## AIM OF THE TASK
In your reply, repeat every entry exactly and skip over each picture.

## EXERCISE DATA
*** Block opens ***

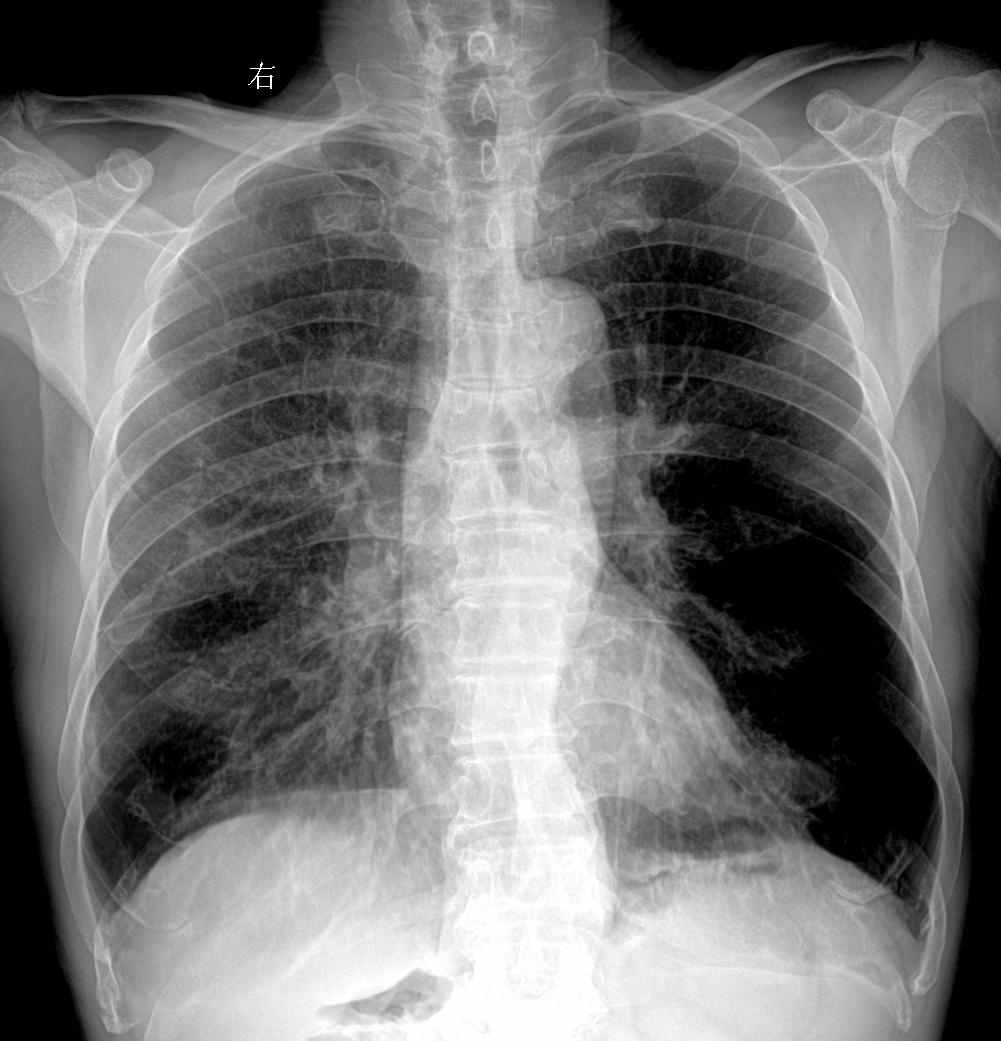 男70岁胸闷咳嗽一周就诊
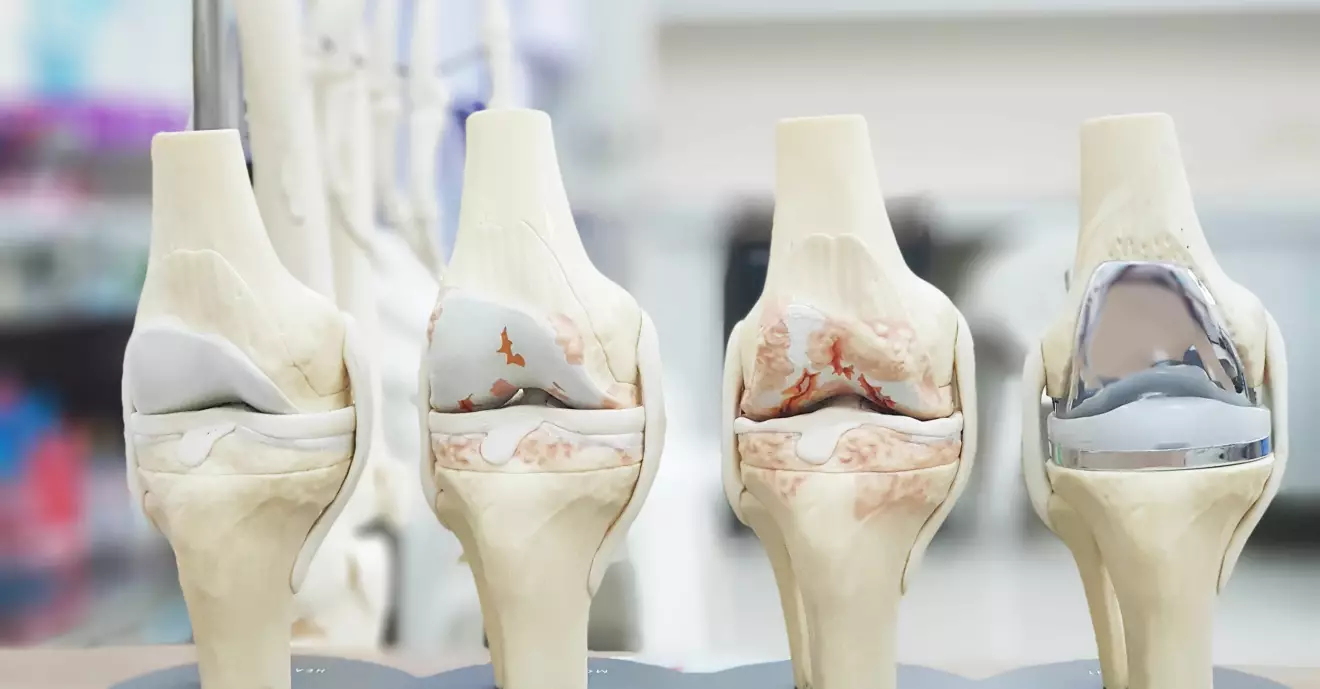 Prototyper av knän med olika stadier av artros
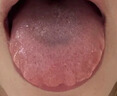 脾胃虛弱濕氣重肝火盛氣血不足 調(diào)理脾胃的中成藥脾胃虛弱中藥調(diào)理去濕氣調(diào)理脾胃參苓健脾胃顆粒脾胃調(diào)理 1盒裝【補(bǔ)脾健胃】5天用量 曬單實(shí)拍圖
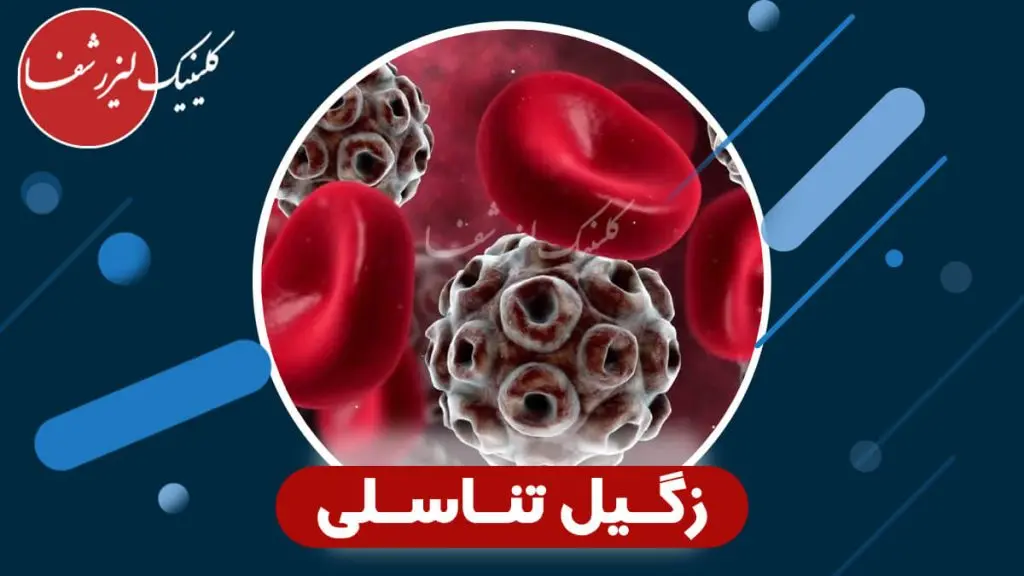 زگیل تناسلی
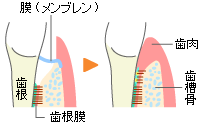 組織再生誘導法(GTR法)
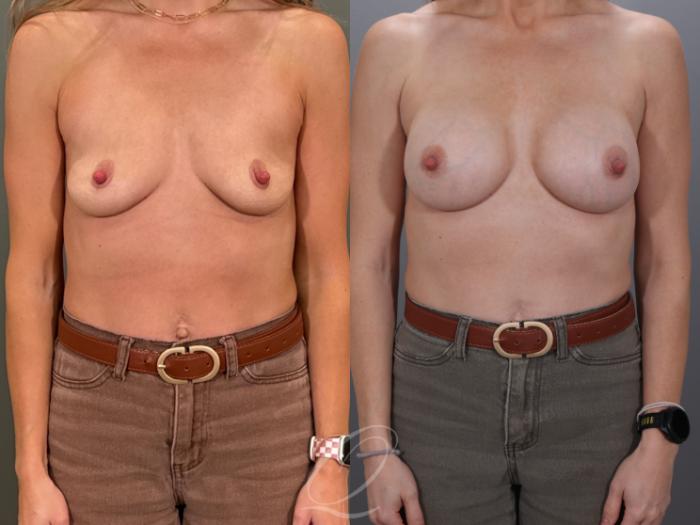 Breast Augmentation Case 1001959 Before & After Front | Serving Rochester, Syracuse & Buffalo, NY | Quatela Center for Plastic Surgery
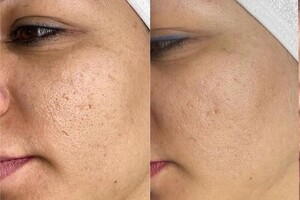 Янда Оксана Михайловна — Королевская чистка лица — Портфолио №2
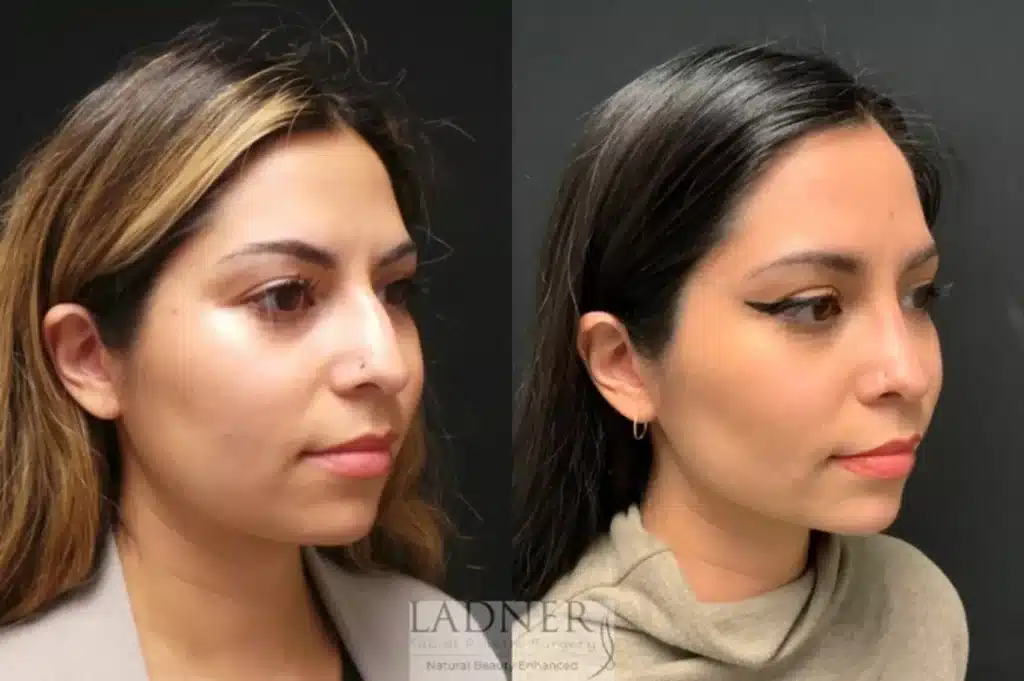 Before and After Image: Rhinoplasty - right-front-oblique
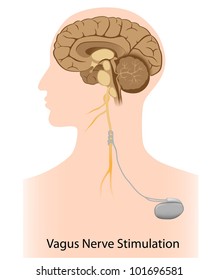 Vagus Nerve Stimulation Therapy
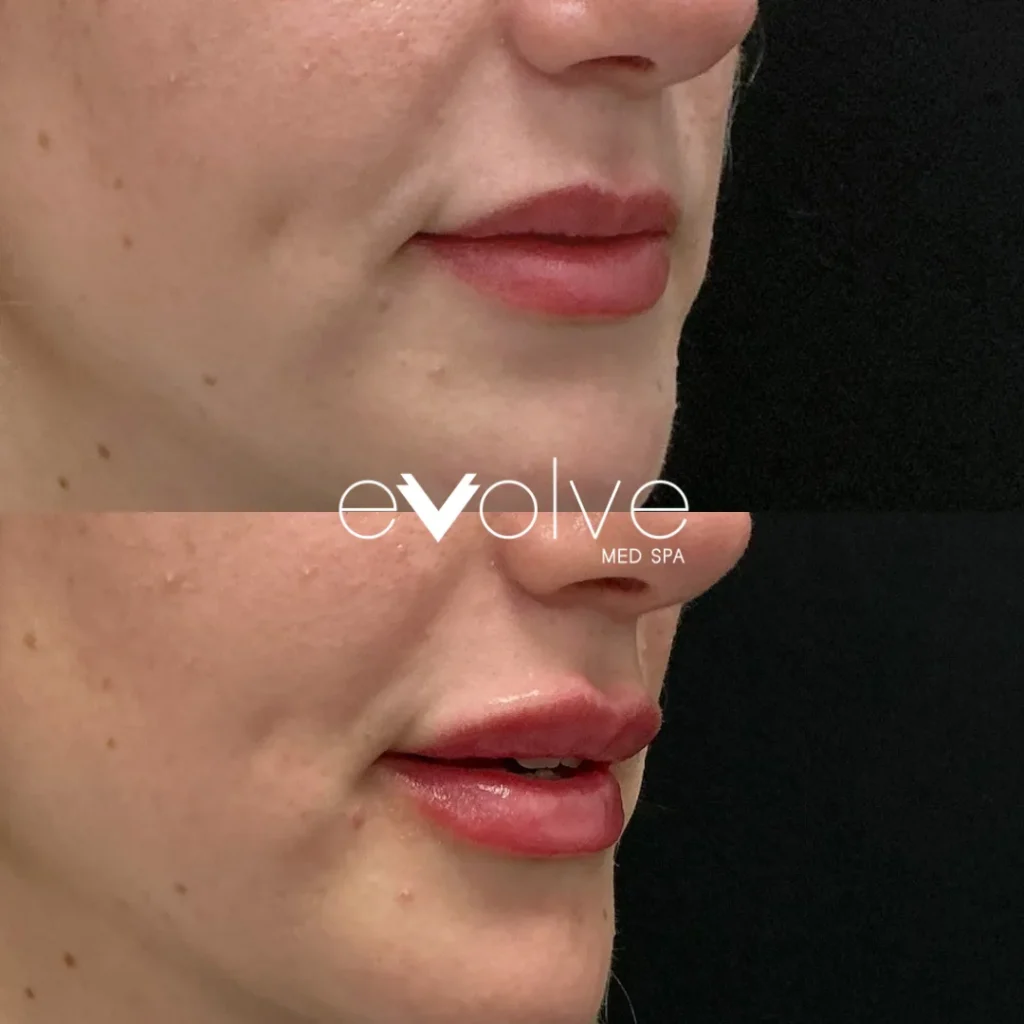 Lip filler before and after with Versa, Evolve Med Spa Short Hills, NJ, ages 30-40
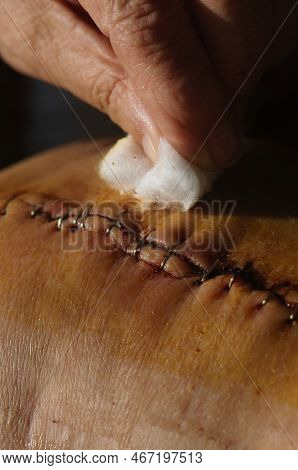 Surgical Suture On The Knee. Surgical Wound Sutured With Special Metal Suture For Healing. Total Kne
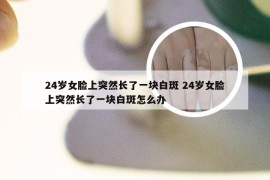 24岁女脸上突然长了一块白斑 24岁女脸上突然长了一块白斑怎么办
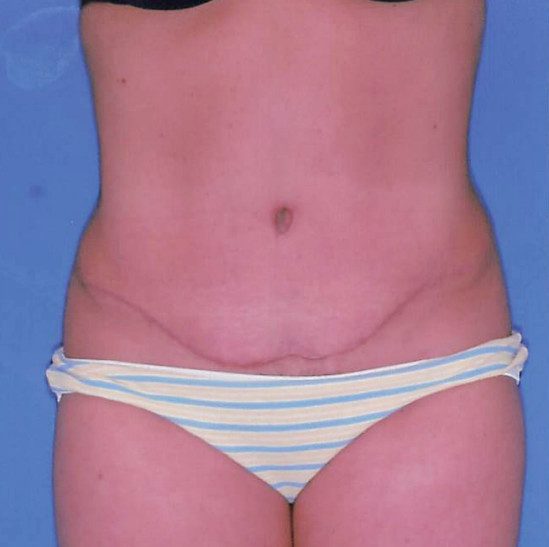 Abdominoplasty Patient Photo - Case 2078 - after view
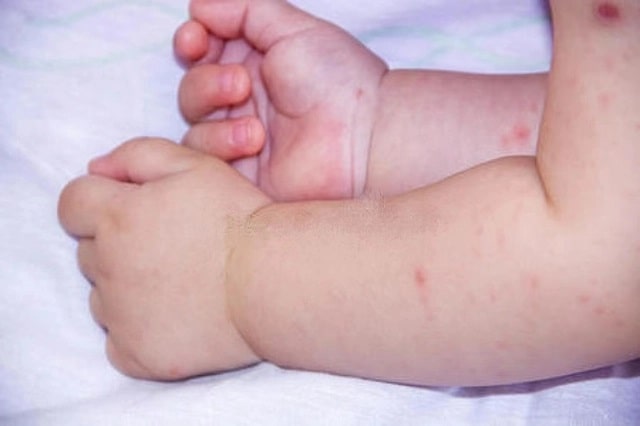 A baby's arms showing multiple mosquito bites, with small red bumps typical of a reaction to mosquito bites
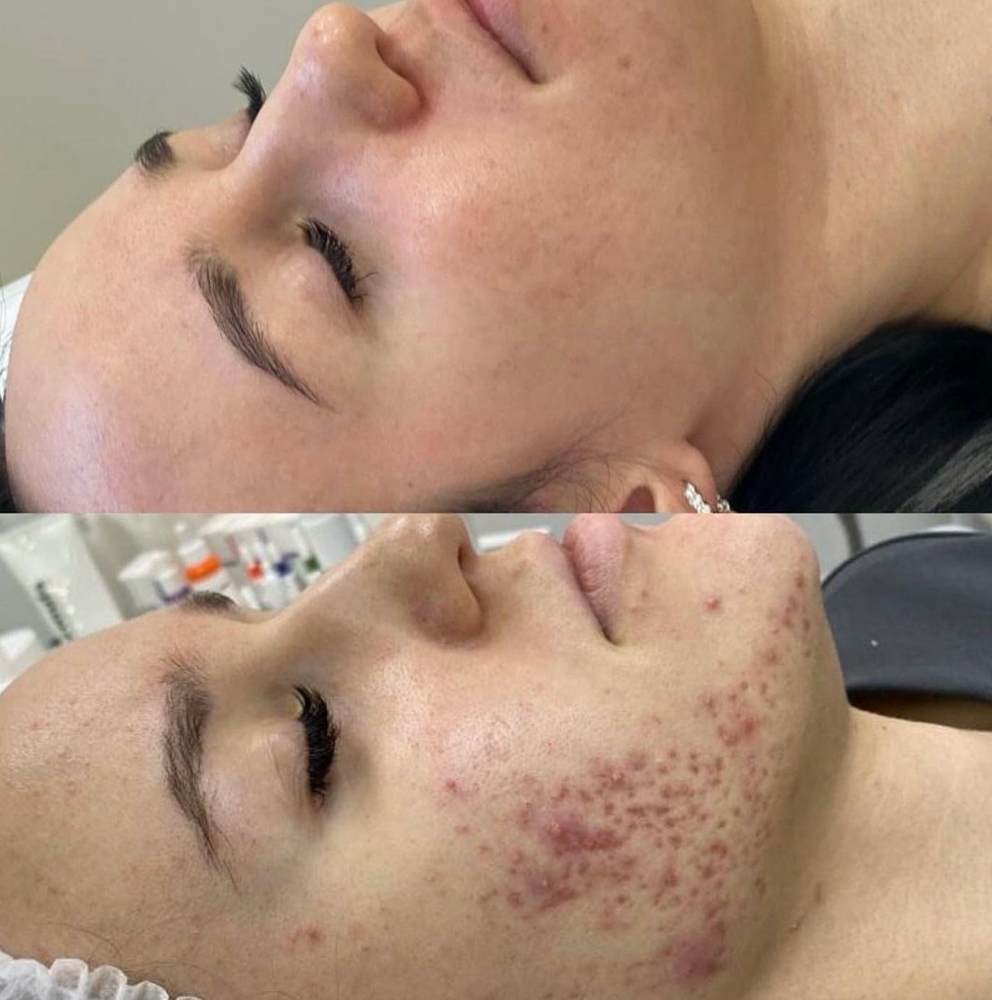 Bio Peel Treatment 🧪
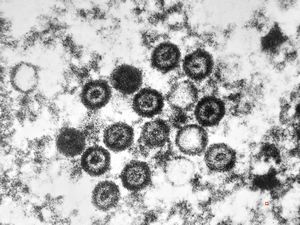 M,10y. | herpes virus - herpetic encephalitis M,10y. | herpes virus - herpetic encephalitis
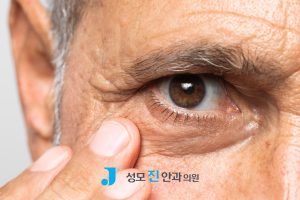 40대 백내장, 40대 노안, 40대 녹내장, 백내장 노안, 노안 오는 나이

*** Block closes ***

## EXERCISE OUTPUT
 男70岁胸闷咳嗽一周就诊
 Prototyper av knän med olika stadier av artros
 脾胃虛弱濕氣重肝火盛氣血不足 調(diào)理脾胃的中成藥脾胃虛弱中藥調(diào)理去濕氣調(diào)理脾胃參苓健脾胃顆粒脾胃調(diào)理 1盒裝【補(bǔ)脾健胃】5天用量 曬單實(shí)拍圖
 زگیل تناسلی
 組織再生誘導法(GTR法)
 Breast Augmentation Case 1001959 Before & After Front | Serving Rochester, Syracuse & Buffalo, NY | Quatela Center for Plastic Surgery
 Янда Оксана Михайловна — Королевская чистка лица — Портфолио №2
 Before and After Image: Rhinoplasty - right-front-oblique
 Vagus Nerve Stimulation Therapy
 Lip filler before and after with Versa, Evolve Med Spa Short Hills, NJ, ages 30-40
 Surgical Suture On The Knee. Surgical Wound Sutured With Special Metal Suture For Healing. Total Kne
 24岁女脸上突然长了一块白斑 24岁女脸上突然长了一块白斑怎么办
 Abdominoplasty Patient Photo - Case 2078 - after view
 A baby's arms showing multiple mosquito bites, with small red bumps typical of a reaction to mosquito bites
 Bio Peel Treatment 🧪
 M,10y. | herpes virus - herpetic encephalitis M,10y. | herpes virus - herpetic encephalitis
 40대 백내장, 40대 노안, 40대 녹내장, 백내장 노안, 노안 오는 나이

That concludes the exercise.